本級は前級までの平甲板型と異なり、本級は乾舷の高い長船首楼型船体を採用している。艦首水面下に衝角を持ち、艦首甲板は左右の副砲の射界を得るために左右の幅が狭く取られている。その前部甲板上に前向きに「30.5cm(40口径)砲」を単装式砲塔に収めて1基を配置。

その背後に司令塔が立ち、その上部に両側に船橋(ブリッジ)を持つ艦橋を基部として簡素な単脚式の前部マストが立つ。船体中央部には等間隔に並んだ3本煙突が立つ。煙突の周囲には艦内への吸気用として筒状の通風筒が立ち並ぶ。煙突の周囲は艦載艇置き場となっており、前後のマストの基部に1基ずつ付いたジブ・クレーンにより運用された。艦載艇置き場の後方に後部マストと後部艦橋が配置された所で船首楼は終了し、後部甲板上に2番30.5cm主砲塔が後向きに1基が配置された。

左右の舷側甲板は船首楼甲板から一段分下がって、前部単脚檣の左右に20.3cm連装砲が左右1基、その背後から甲板が一段分上がって中央部に20.3cm連装砲が左右1基、そして後部単脚檣の側面から甲板一段分下がって後部甲板上に20.3cm連装砲が左右1基ずつ後ろ向きに配置された。

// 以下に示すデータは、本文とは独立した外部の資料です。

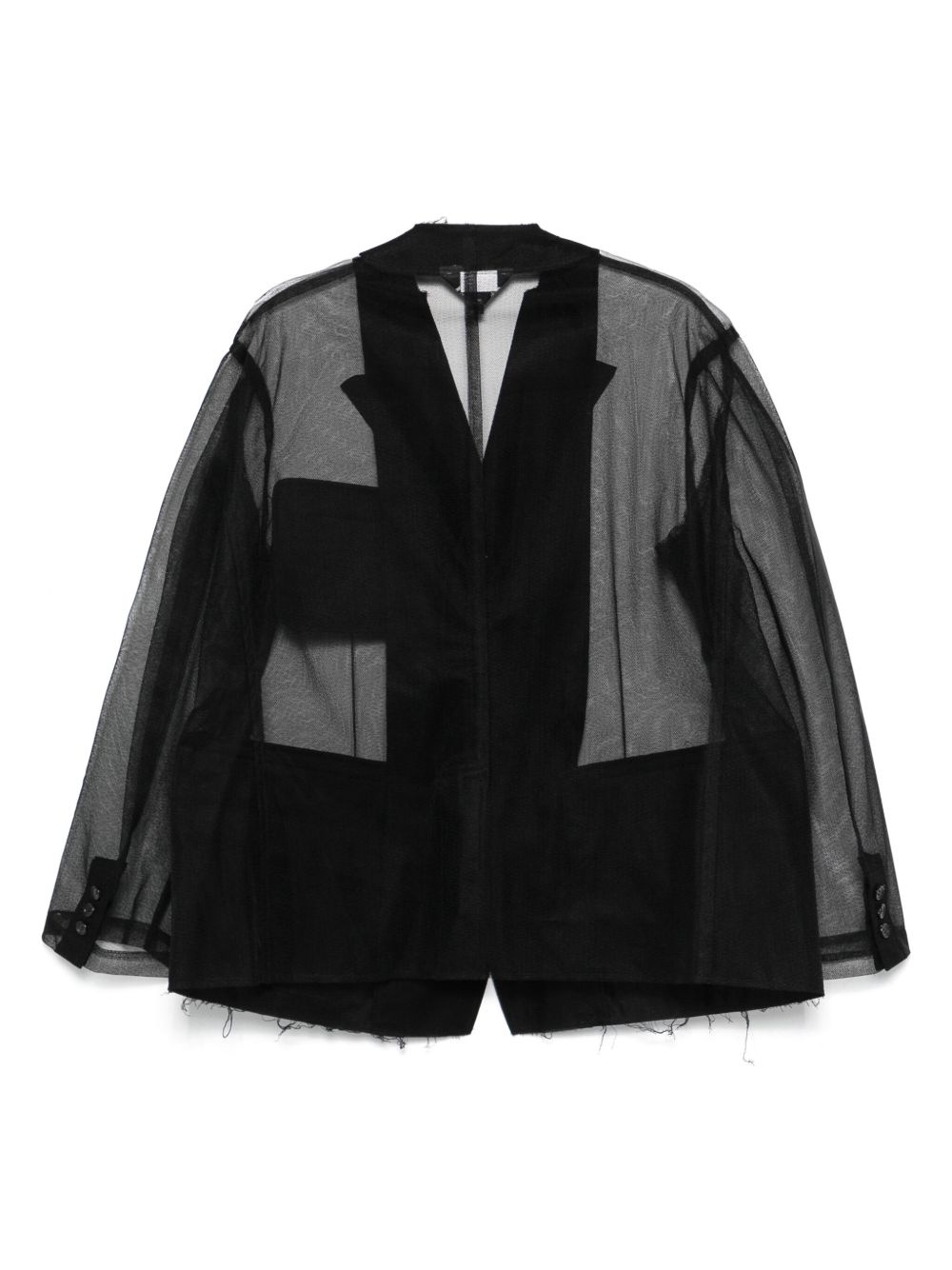 tulle blazer - 2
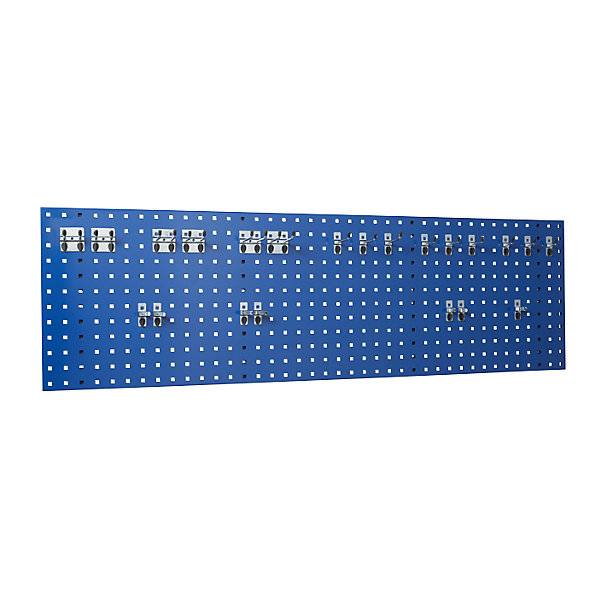 Lochwand-Set Komplett-Set: Lochplatte + 22 Werkzeughalter HxB 457 x 1524 mm. TAKKT Industrial & Packaging GmbH-2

この武装配置により前後方向に最大30.5cm砲1門、20.3cm砲8門が指向でき、左右方向に最大30.5cm砲2門、20.3cm砲6門を指向できた。

艦尾の楕円形の主とは別に、艦首から約30m後方の水線下に引き込み式の副舵を設置して操舵性を上げていた。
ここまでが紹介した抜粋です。